When the general assumed command of the defenses of Washington, the hospitals in Washington and in its vicinity were placed under my control. We left that city for Maryland on the 7th of September, and few days thereafter those hospitals and the medical affairs of the troops in and around Washington were placed in the immediate charge of Surg. R. O. Abbott, U. S. Army, assistant medical director of the Army of the Potomac. It is perhaps not desirable to go much into details concerning them, and I only give the following statement in order to exhibit the number of hospitals and other points of interest connected with them, with them, which are necessary, as they belonged to the medical department of this army:
Number of hospitals, 38; medical officers, 224; remaining last report, 28,649; number of patients admitted, 23,298; total, 51,947. Returned to duty, 7,104; discharged, 2,100;deserted, 597; sent to other hospitals, 9,026;on furlough, 647; died, 1,498; remaining, 30,975.
It may be gratifying for the general commanding to know that never had these hospitals been in better condition.
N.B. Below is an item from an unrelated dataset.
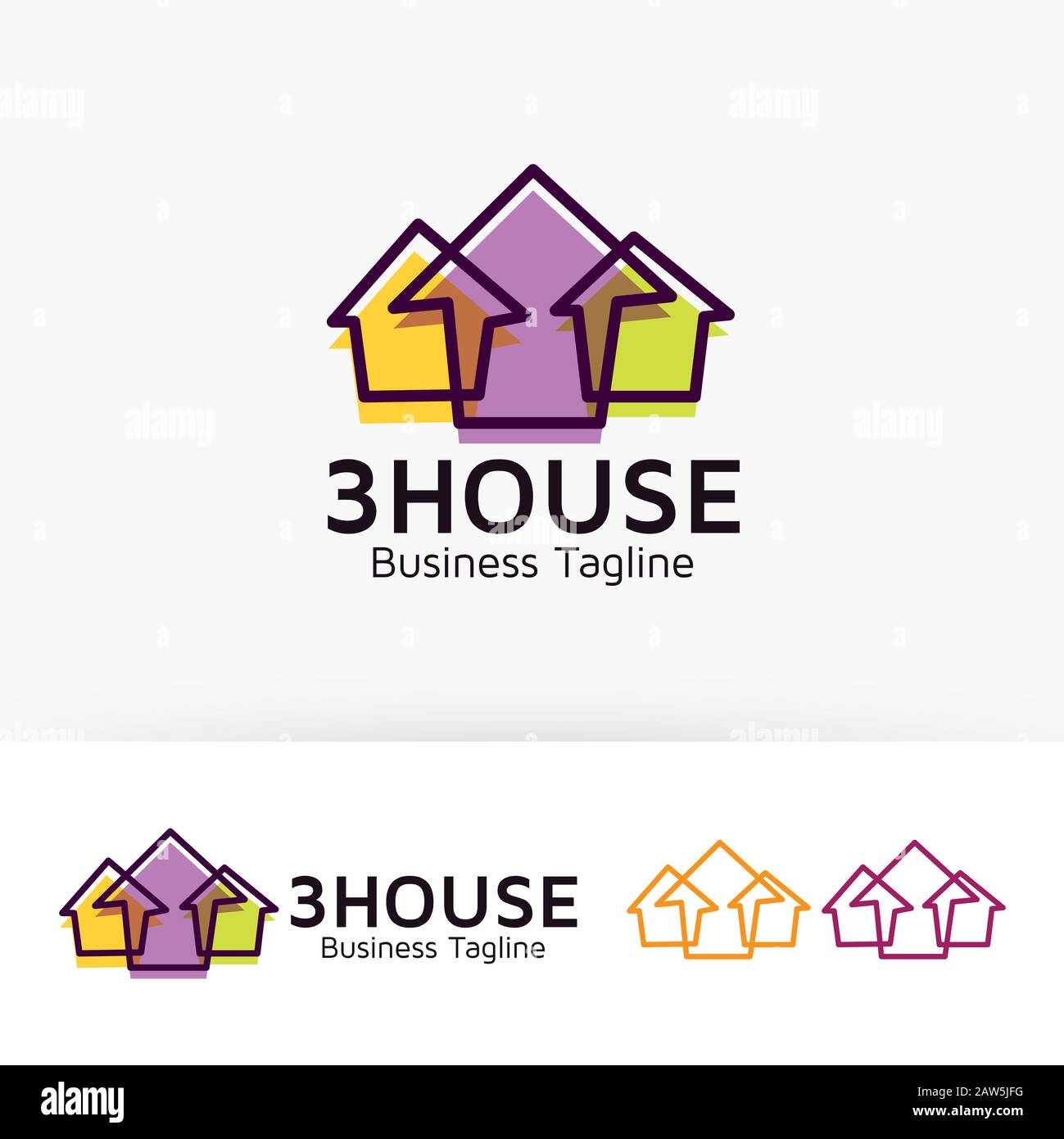 Design creativo del logo della casa. Modello di logo vettoriale Home o Real estate Foto Stock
The excellent system introduced in their management, the complete system of records adopted and carried out, and the care taken to have everything connected with them in fine condition, reflect the highest credit upon the officer in charge, for to him it is due. The very great assistance Surgeon Abbott so uniformly and so unreservedly gave me upon all occasions requires especial notice, and it affords me the greatest pleasure to ask the attention of the commanding general to the richly deserving merits of this officer.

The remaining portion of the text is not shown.